_What you are asked to do_
Look through the material below, count the lines containing the word "Home", and state only the count.

┌─ Data for this exercise

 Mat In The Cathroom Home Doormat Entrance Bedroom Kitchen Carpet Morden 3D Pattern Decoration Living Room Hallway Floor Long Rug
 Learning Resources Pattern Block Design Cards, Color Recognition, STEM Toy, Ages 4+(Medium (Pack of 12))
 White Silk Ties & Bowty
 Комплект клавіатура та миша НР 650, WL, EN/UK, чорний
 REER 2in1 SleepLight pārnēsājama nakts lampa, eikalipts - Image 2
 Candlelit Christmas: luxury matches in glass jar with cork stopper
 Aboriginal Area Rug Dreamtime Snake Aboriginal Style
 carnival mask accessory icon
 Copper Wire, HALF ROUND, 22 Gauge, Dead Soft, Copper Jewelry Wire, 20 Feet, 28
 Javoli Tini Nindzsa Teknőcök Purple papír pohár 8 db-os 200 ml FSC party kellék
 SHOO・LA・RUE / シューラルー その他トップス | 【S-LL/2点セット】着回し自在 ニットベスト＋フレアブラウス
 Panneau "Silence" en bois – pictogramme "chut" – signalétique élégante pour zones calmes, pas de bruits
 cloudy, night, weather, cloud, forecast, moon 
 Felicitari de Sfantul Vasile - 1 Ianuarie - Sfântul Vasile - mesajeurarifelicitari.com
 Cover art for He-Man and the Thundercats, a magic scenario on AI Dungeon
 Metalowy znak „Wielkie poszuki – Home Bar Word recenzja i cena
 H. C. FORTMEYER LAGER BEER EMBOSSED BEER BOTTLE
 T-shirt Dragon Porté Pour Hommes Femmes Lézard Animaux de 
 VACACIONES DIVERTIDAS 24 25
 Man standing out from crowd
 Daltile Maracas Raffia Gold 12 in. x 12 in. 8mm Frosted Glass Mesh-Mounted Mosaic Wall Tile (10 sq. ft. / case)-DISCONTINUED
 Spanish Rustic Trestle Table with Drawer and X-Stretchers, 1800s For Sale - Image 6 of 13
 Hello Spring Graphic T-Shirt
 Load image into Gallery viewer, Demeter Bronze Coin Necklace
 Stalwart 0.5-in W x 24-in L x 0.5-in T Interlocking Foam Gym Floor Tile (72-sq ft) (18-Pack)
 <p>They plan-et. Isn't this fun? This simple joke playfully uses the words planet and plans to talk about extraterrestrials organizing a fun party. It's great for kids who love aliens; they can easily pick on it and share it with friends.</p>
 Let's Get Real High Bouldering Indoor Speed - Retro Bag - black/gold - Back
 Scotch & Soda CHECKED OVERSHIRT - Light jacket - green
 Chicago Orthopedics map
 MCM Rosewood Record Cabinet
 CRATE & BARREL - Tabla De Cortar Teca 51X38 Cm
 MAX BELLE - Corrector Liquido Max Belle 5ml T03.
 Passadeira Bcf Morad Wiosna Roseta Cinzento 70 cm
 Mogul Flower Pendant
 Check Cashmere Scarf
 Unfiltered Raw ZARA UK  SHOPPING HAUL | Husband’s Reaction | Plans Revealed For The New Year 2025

└─

_Solution to the problem_
2